Abstract
Context
Livestock grazing is one of the most widespread types of anthropogenic land use, even occurs in many protected areas and has become a threat to wildlife worldwide. Understanding livestock-wildlife interactions is crucial for rare large carnivores conservation. In China, free-ranging cattle within forests degrade the habitat of the tigers (Panthera tigris) and leopards (Panthera pardus), but quantitative assessments of how livestock affect the spatial and temporal use by the major ungulate prey of the two endangered felids are very limited.
Objectives
This study aimed to examine the interactions of several sympatric wildlife species with livestock at a fine spatiotemporal scale in a human-dominated forest landscape.
Methods
Based on a large-scale camera-trapping data across the China-Russia border, we used N-mixture models, two-species occupancy models and activity pattern overlap to understand the effects of cattle grazing on three ungulate species (sika deer Cervus nippon, wild boars Sus scrofa and roe deer Capreolus pygargus).
Results
Spatially, with cattle activity increasing, wild boar and roe deer had different degrees of decline in the intensity of habitat use. Sika deer were displaced as more cattle encroached on forest habitat. Temporally, in the presence of cattle, wild boar and sika deer decreased their activities in the day.
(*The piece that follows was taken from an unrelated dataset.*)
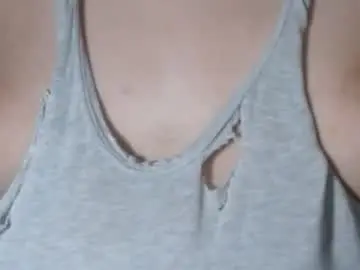 Chaturbate Live Sex of selda_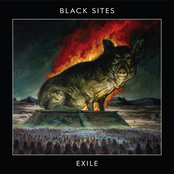 Black Sites: Exile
In addition, three wild ungulates trend to exhibit lower spatiotemporal overlap with cattle at shared camera sites.
Conclusions
Our study shows that wildlife species may reduce the probability of habitat use by spatial avoidance and changing the daily activity patterns. We underscore that fine-scale (i.e. camera-site level) spatiotemporal avoidance is likely a key component of co-occurrence between livestock and the sympatry of competing ungulates inhabiting forest ecosystems. Given prey were depressed, efforts to minimize the livestock disturbance on these species need to be considered to ensure their sustained recoveries.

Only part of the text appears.